[Scraped caption text data]
##########
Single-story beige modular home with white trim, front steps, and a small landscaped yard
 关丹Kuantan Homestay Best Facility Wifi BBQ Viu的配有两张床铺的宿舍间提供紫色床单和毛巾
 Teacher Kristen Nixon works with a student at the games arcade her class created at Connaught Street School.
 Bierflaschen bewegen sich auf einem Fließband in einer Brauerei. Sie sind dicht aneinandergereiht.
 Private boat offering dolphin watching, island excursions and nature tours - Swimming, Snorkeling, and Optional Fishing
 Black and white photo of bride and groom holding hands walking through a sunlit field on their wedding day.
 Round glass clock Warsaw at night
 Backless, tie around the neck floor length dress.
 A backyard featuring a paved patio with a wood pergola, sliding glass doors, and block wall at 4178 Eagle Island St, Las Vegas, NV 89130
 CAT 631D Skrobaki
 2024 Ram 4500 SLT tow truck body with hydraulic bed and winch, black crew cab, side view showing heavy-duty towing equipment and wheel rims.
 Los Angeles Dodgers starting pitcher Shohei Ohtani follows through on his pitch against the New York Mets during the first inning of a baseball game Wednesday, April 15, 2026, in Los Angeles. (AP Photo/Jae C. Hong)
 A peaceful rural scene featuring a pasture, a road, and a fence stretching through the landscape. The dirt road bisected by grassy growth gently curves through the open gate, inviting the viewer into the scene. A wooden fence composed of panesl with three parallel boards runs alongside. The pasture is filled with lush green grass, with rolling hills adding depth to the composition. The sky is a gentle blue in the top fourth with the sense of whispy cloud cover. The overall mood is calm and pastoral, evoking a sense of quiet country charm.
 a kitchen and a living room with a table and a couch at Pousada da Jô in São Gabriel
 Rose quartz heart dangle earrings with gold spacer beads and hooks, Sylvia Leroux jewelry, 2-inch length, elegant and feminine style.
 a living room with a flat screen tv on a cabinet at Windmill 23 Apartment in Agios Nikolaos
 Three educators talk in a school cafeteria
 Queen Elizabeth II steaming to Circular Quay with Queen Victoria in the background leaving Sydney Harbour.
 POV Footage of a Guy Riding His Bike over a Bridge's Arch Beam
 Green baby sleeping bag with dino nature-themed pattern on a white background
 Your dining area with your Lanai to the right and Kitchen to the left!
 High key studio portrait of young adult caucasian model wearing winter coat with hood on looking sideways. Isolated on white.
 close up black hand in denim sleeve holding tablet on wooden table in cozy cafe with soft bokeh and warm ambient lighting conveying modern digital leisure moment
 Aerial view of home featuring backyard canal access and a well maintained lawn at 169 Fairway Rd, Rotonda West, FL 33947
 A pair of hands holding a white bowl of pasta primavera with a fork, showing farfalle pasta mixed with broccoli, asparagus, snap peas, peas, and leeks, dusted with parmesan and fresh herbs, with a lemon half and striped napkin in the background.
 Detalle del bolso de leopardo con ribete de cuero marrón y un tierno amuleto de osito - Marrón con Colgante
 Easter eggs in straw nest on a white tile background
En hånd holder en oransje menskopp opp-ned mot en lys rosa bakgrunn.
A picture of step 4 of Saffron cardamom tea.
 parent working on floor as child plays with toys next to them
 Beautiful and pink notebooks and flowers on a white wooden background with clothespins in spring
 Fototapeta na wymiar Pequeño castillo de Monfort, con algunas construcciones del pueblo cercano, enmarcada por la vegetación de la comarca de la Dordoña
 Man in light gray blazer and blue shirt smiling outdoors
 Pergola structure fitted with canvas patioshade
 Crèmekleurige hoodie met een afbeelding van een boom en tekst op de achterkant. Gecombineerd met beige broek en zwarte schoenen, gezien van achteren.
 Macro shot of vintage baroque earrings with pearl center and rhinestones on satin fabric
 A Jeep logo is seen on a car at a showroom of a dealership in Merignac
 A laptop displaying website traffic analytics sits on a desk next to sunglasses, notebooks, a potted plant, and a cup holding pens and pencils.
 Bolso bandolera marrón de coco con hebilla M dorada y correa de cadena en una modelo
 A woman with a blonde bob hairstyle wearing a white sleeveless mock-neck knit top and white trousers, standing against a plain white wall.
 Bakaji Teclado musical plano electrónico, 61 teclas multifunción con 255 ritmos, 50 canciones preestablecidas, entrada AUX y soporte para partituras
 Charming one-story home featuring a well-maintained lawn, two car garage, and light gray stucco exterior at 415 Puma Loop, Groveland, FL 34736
##########
PROBLEM DETAILS:
Retype the records exactly.

WRITTEN SOLUTION:
Single-story beige modular home with white trim, front steps, and a small landscaped yard
 关丹Kuantan Homestay Best Facility Wifi BBQ Viu的配有两张床铺的宿舍间提供紫色床单和毛巾
 Teacher Kristen Nixon works with a student at the games arcade her class created at Connaught Street School.
 Bierflaschen bewegen sich auf einem Fließband in einer Brauerei. Sie sind dicht aneinandergereiht.
 Private boat offering dolphin watching, island excursions and nature tours - Swimming, Snorkeling, and Optional Fishing
 Black and white photo of bride and groom holding hands walking through a sunlit field on their wedding day.
 Round glass clock Warsaw at night
 Backless, tie around the neck floor length dress.
 A backyard featuring a paved patio with a wood pergola, sliding glass doors, and block wall at 4178 Eagle Island St, Las Vegas, NV 89130
 CAT 631D Skrobaki
 2024 Ram 4500 SLT tow truck body with hydraulic bed and winch, black crew cab, side view showing heavy-duty towing equipment and wheel rims.
 Los Angeles Dodgers starting pitcher Shohei Ohtani follows through on his pitch against the New York Mets during the first inning of a baseball game Wednesday, April 15, 2026, in Los Angeles. (AP Photo/Jae C. Hong)
 A peaceful rural scene featuring a pasture, a road, and a fence stretching through the landscape. The dirt road bisected by grassy growth gently curves through the open gate, inviting the viewer into the scene. A wooden fence composed of panesl with three parallel boards runs alongside. The pasture is filled with lush green grass, with rolling hills adding depth to the composition. The sky is a gentle blue in the top fourth with the sense of whispy cloud cover. The overall mood is calm and pastoral, evoking a sense of quiet country charm.
 a kitchen and a living room with a table and a couch at Pousada da Jô in São Gabriel
 Rose quartz heart dangle earrings with gold spacer beads and hooks, Sylvia Leroux jewelry, 2-inch length, elegant and feminine style.
 a living room with a flat screen tv on a cabinet at Windmill 23 Apartment in Agios Nikolaos
 Three educators talk in a school cafeteria
 Queen Elizabeth II steaming to Circular Quay with Queen Victoria in the background leaving Sydney Harbour.
 POV Footage of a Guy Riding His Bike over a Bridge's Arch Beam
 Green baby sleeping bag with dino nature-themed pattern on a white background
 Your dining area with your Lanai to the right and Kitchen to the left!
 High key studio portrait of young adult caucasian model wearing winter coat with hood on looking sideways. Isolated on white.
 close up black hand in denim sleeve holding tablet on wooden table in cozy cafe with soft bokeh and warm ambient lighting conveying modern digital leisure moment
 Aerial view of home featuring backyard canal access and a well maintained lawn at 169 Fairway Rd, Rotonda West, FL 33947
 A pair of hands holding a white bowl of pasta primavera with a fork, showing farfalle pasta mixed with broccoli, asparagus, snap peas, peas, and leeks, dusted with parmesan and fresh herbs, with a lemon half and striped napkin in the background.
 Detalle del bolso de leopardo con ribete de cuero marrón y un tierno amuleto de osito - Marrón con Colgante
 Easter eggs in straw nest on a white tile background
En hånd holder en oransje menskopp opp-ned mot en lys rosa bakgrunn.
A picture of step 4 of Saffron cardamom tea.
 parent working on floor as child plays with toys next to them
 Beautiful and pink notebooks and flowers on a white wooden background with clothespins in spring
 Fototapeta na wymiar Pequeño castillo de Monfort, con algunas construcciones del pueblo cercano, enmarcada por la vegetación de la comarca de la Dordoña
 Man in light gray blazer and blue shirt smiling outdoors
 Pergola structure fitted with canvas patioshade
 Crèmekleurige hoodie met een afbeelding van een boom en tekst op de achterkant. Gecombineerd met beige broek en zwarte schoenen, gezien van achteren.
 Macro shot of vintage baroque earrings with pearl center and rhinestones on satin fabric
 A Jeep logo is seen on a car at a showroom of a dealership in Merignac
 A laptop displaying website traffic analytics sits on a desk next to sunglasses, notebooks, a potted plant, and a cup holding pens and pencils.
 Bolso bandolera marrón de coco con hebilla M dorada y correa de cadena en una modelo
 A woman with a blonde bob hairstyle wearing a white sleeveless mock-neck knit top and white trousers, standing against a plain white wall.
 Bakaji Teclado musical plano electrónico, 61 teclas multifunción con 255 ritmos, 50 canciones preestablecidas, entrada AUX y soporte para partituras
 Charming one-story home featuring a well-maintained lawn, two car garage, and light gray stucco exterior at 415 Puma Loop, Groveland, FL 34736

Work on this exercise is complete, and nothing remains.